All statistical analyses were performed with the SAS statistical software version 9.2 (SAS Institute Inc. Cary, NC, USA) and STATA software version 11.0 (StataCorp, College Station, TX, USA).

Baseline characteristics are presented as frequencies and percentages for categorical variables and as means with standard deviations for continuous variables. Age and psoriasis were included as time-dependent variable, i.e. subjects were only considered at risk from the time they met the criteria for psoriasis. Calendar year was also included as time-dependent covariate, where bands were split in 1-year periods after 1 January 1997. Comorbidity was continuously updated throughout study follow-up and evaluated for diabetes (ICD-10 codes E10–E14 and ICD-8 codes 250), atrial fibrillation (ICD-10 code I48 and ICD-8 code 4279), hypertension (ICD-10 codes I10–I15), vascular disease (ICD-10 codes I21–I22, I70, and ICD-8 codes 410–440), thromboembolism (ICD-10 codes I26, I63, I64, I74, G458, G459, and ICD-8 codes 433–438, 444, and 450), and renal disease (N03, N04, N17–N19, I12, I13, R34 and ICD-8 codes 582–586, 588).
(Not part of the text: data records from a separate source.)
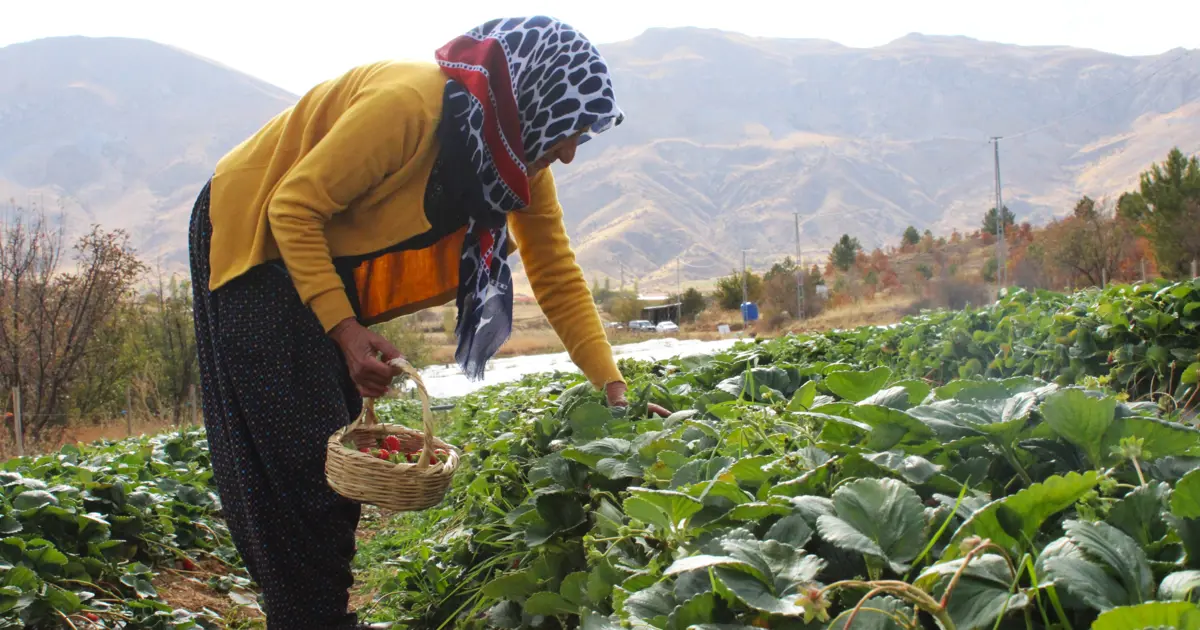 Hobisi işi oldu: Ev hanımıydı, şimdi ailesini geçindiriyor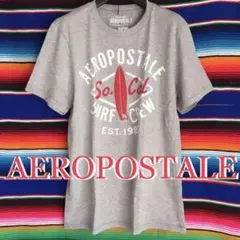 AEROエアロポステール US限定サーフクルーデザインＴシャツM gry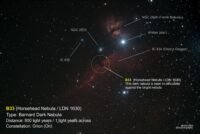 B33(Horsehead Nebula)-DN-Ori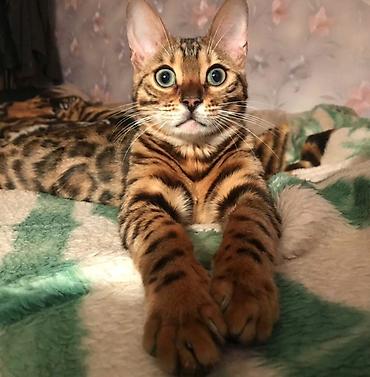котиков: 🐆 Продаётся бенгальский котик — 7 месяцев 🐾 Очень красивый и — 1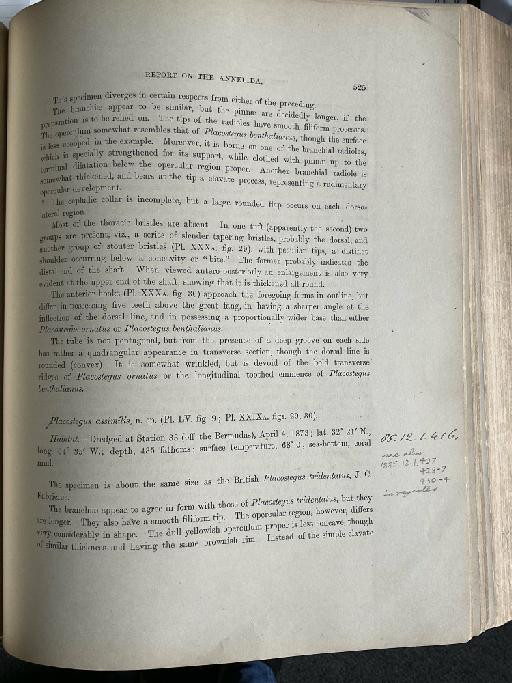 Placostegus assimilis McIntosh, 1885 - Challenger Polychaete Scans of Book 3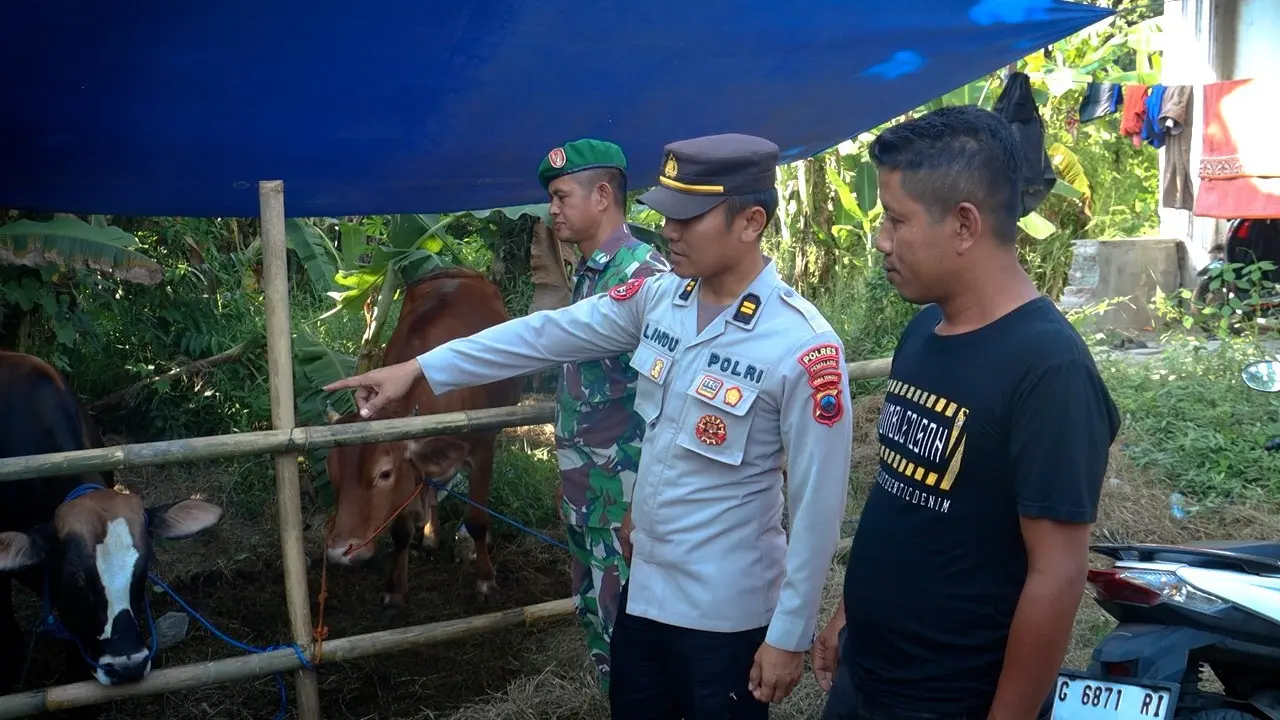 Waspada pencurian hewan kurban jelang Idul Adha. (Foto: Liputan6.com/Polres Pemalang)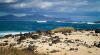 Allez-rider-sur-les-spots-de-Fuerteventura-à-Corralejo-aux-Canaries-5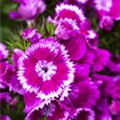 Dianthus barbatus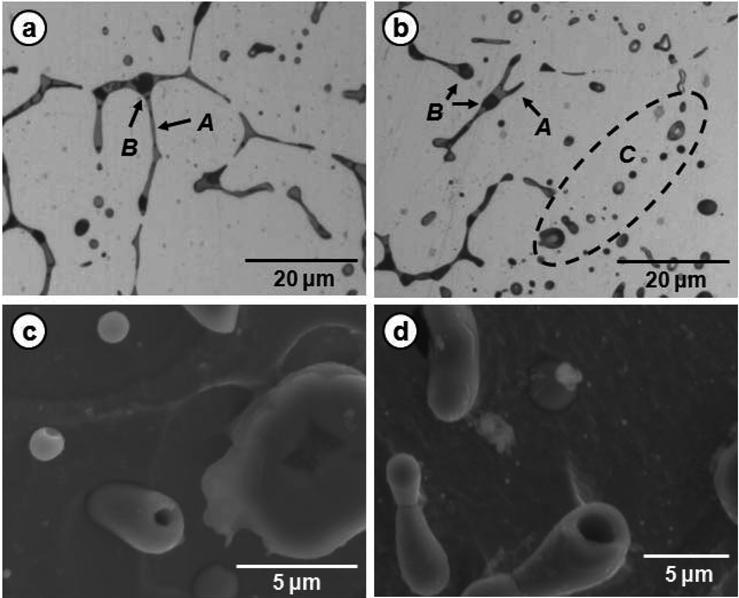 particles in IIIC and (d) rod-like eutectic sulfides in IIIB specimen, nital deep-etched scanning electron micrographs. Fig. 4.
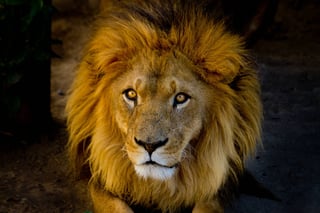 Male Lion in African Savannah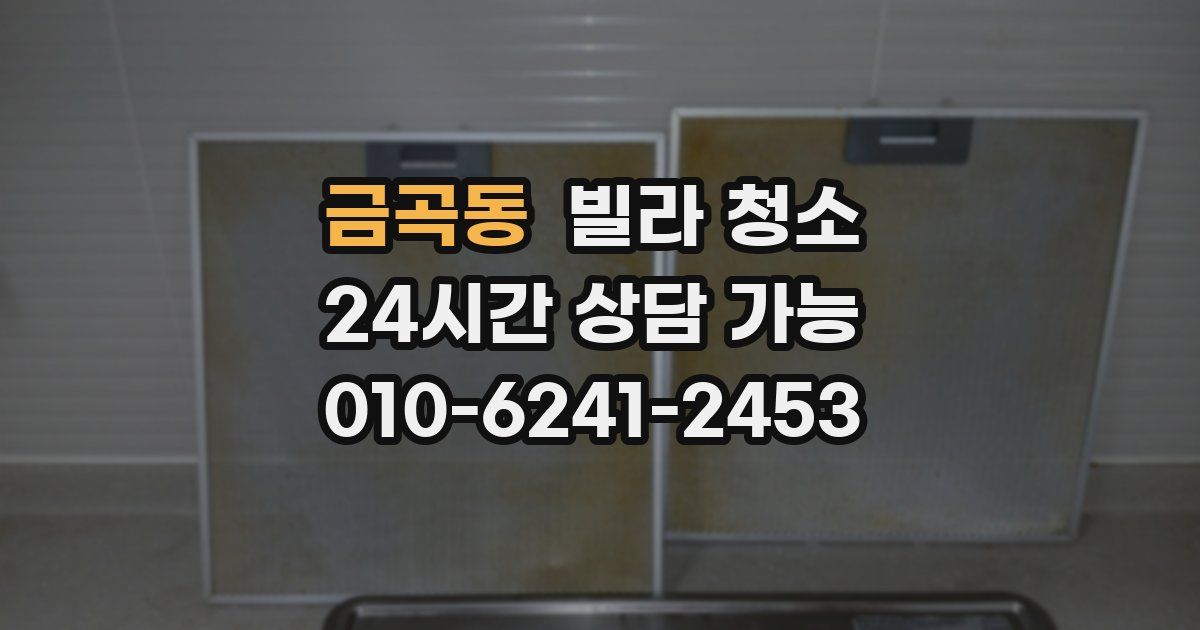 금곡동 빌라 청소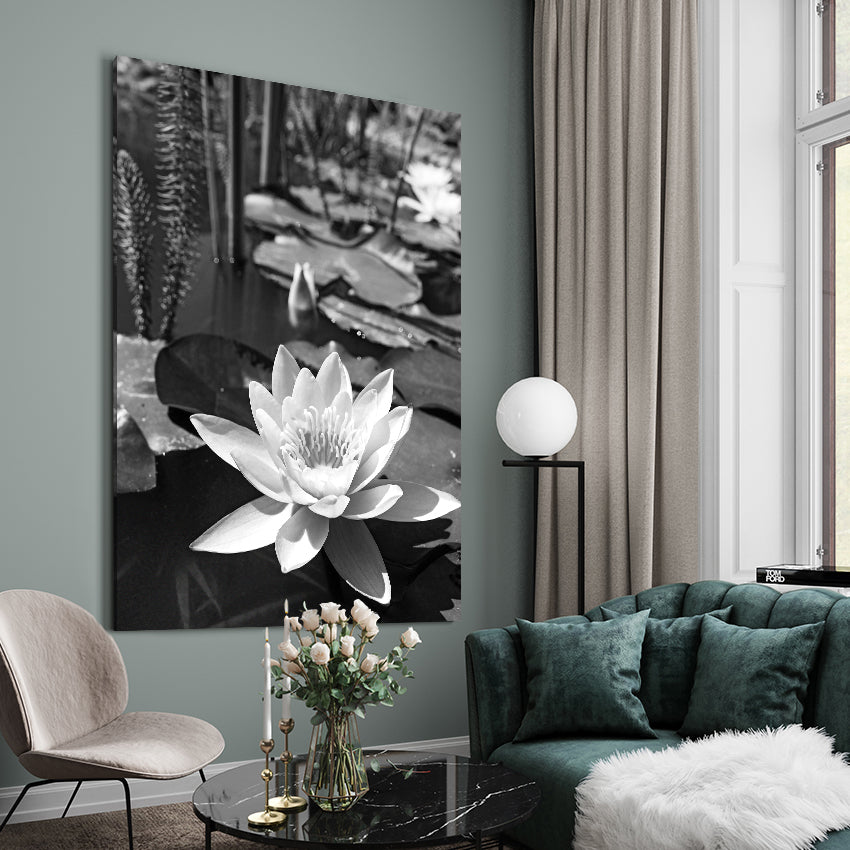 Canvastavla - Water Lily
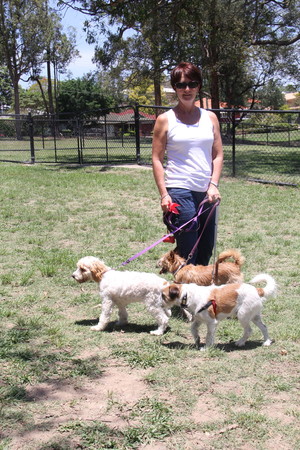 The Brisbane City Dog Walking Company Pic 4 - Time to go homewith Mary from Brisbane City Dog Walking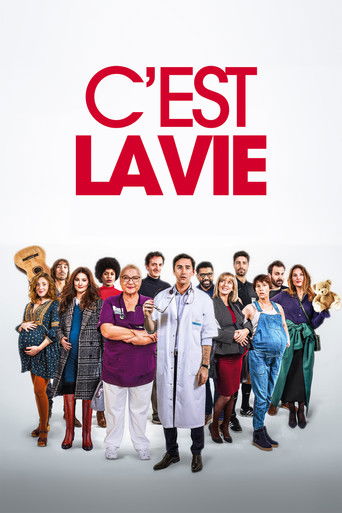 C'est la vie (2020) movie poster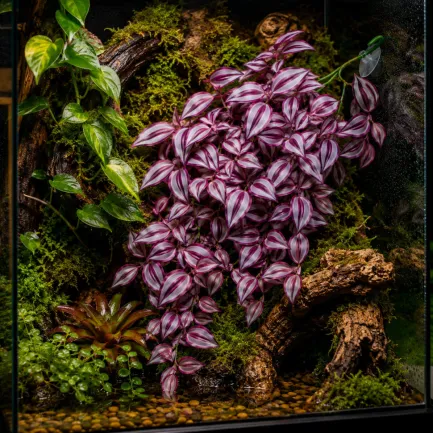 Штучна рослина Hobby Climber Purpurea 70 см (37726) для тераріуму, акватераріуму та палюдаріуму — Фото 3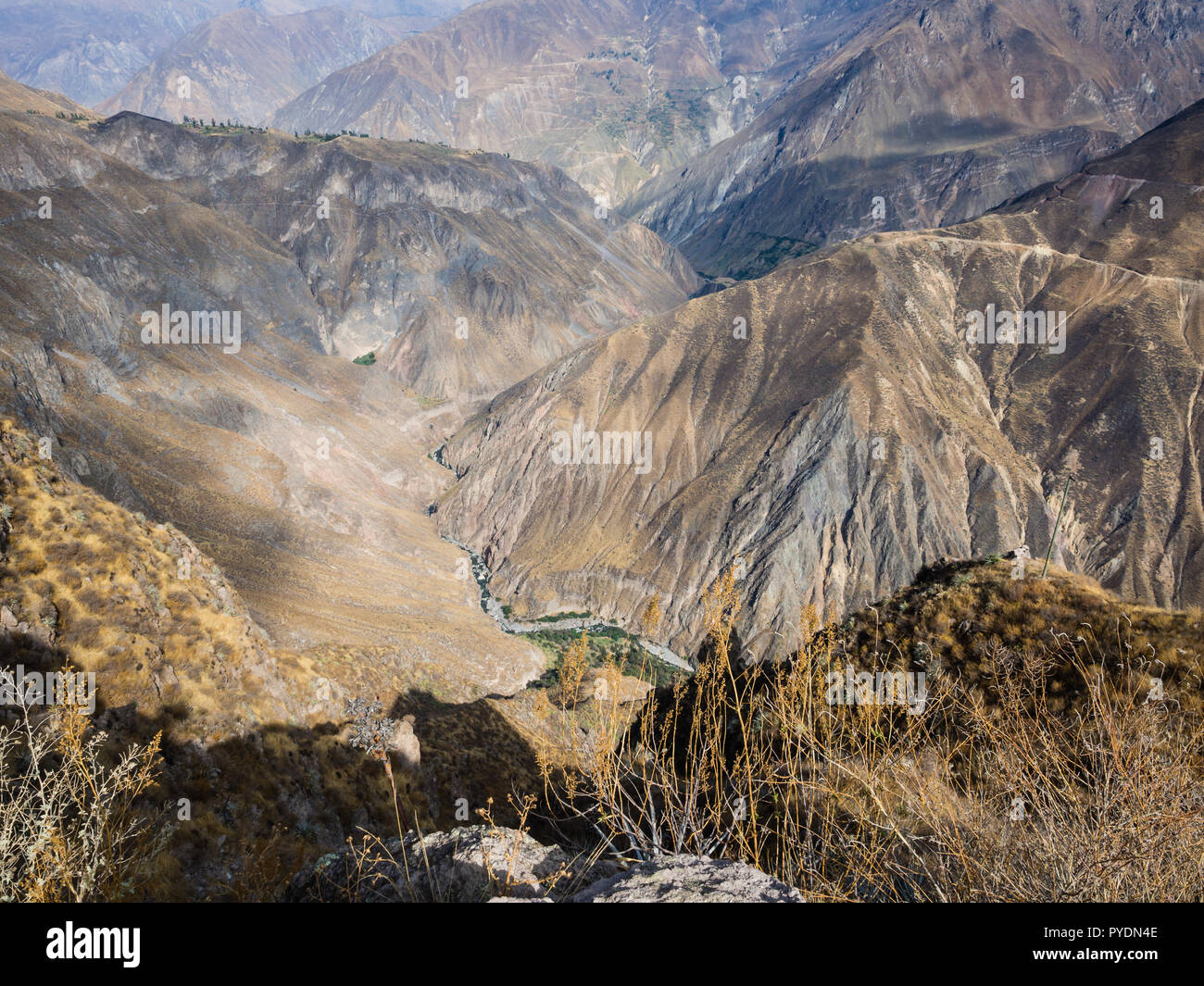 Colca Canyon in Peru, der tiefsten Schlucht in der Welt Stockfoto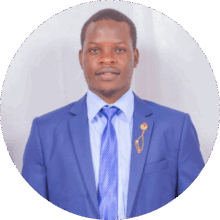 Eng. Nelson Mokoro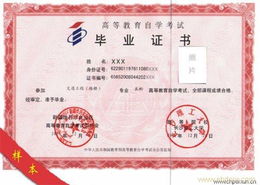 網絡教育前景廣闊，嘉渡教育咨詢上海ebdoor啟航發展新篇章
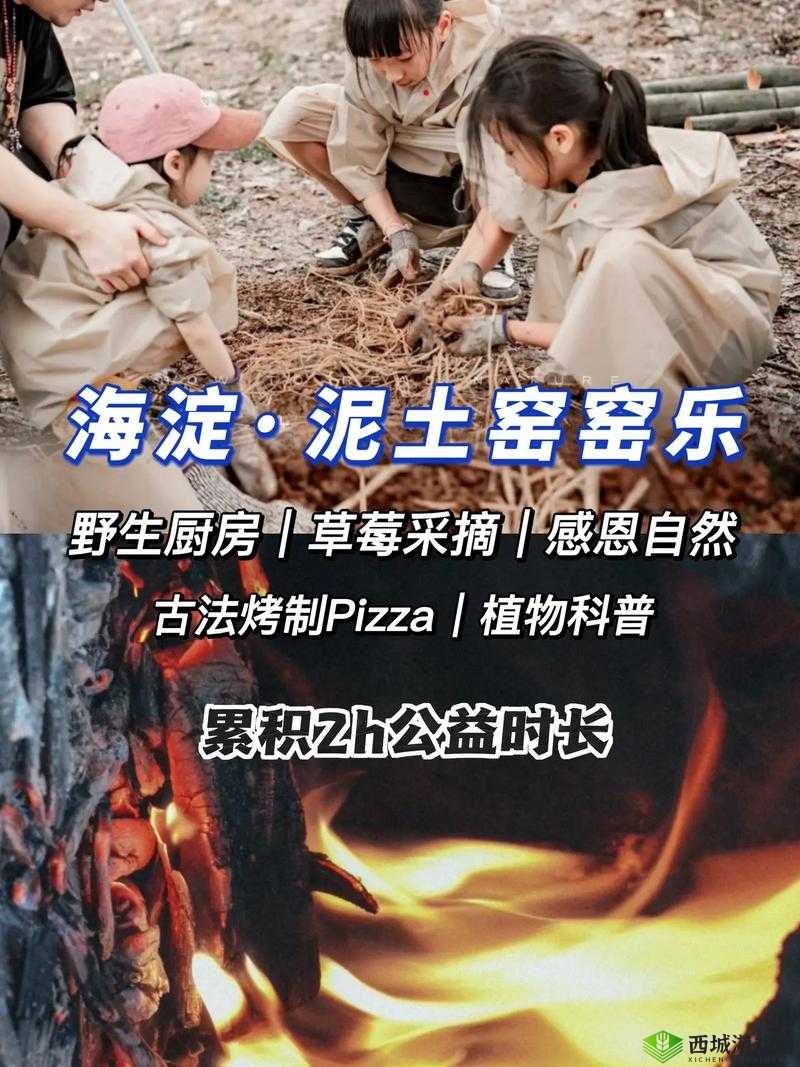 野生厨房几点更新?想知道的快来这里详细解答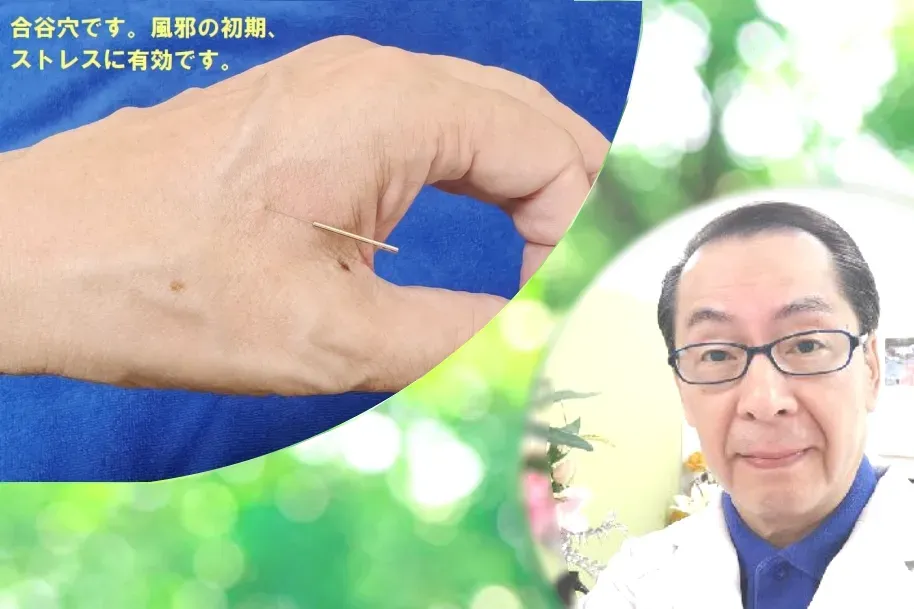 少数鍼 橋本鍼灸院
Time-dependent multivariable Poisson regression models adjusted for confounding factors including age, gender, calendar year, comorbidity, socioeconomic status, and concomitant medications were fitted to estimate incidence rate ratios (IRRs) for AS. Incidence rates are presented as events per 10 000 person-years at risk.

Sensitivity Analyses

Patients with cardiovascular disease, e.g. atherosclerotic disease, are likely to undergo increased medical evaluation, including cardiac auscultation and medical tests such as echocardiography. Consequently, detection of AS may be favoured by more frequent in- or out-patient examination in this population group. To determine the potential detection bias, we therefore performed a sensitivity analysis where all subjects with atherosclerotic disease, i.e. atherosclerotic heart disease (ICD-10 code I251), myocardial infarction (ICD-10 codes I21, I22), stroke (ICD-10 codes I61, I63, and I64), and atherosclerotic vascular disease (ICD-10 code I70) were excluded at study baseline. We also continuously censored the subjects who developed atherosclerosis throughout the study period. Likewise, to address the impact of surveillance bias caused by increased healthcare consumption associated with our definition of psoriasis, we also performed analyses with alternative inclusion criteria for psoriasis, i.e. where patients with psoriasis were identified by the first claimed prescription for vitamin D derivatives and reclassified as having severe psoriasis at the time of their first in- or out-patient hospitalization with the psoriasis diagnosis. These alternative criteria for definition of psoriasis and psoriasis severity are associated with considerably less frequent physician and hospital visits compared with the primary psoriasis definition. Finally, we estimated age-stratified incidence rates of AS per 10 000 person-years in patients with psoriasis aged 18–40, 40–65, and 65–90 years, respectively.

For all analyses, a two-tailed P-value <0.05 was considered statistically significant and 95% confidence intervals (CIs) were also presented.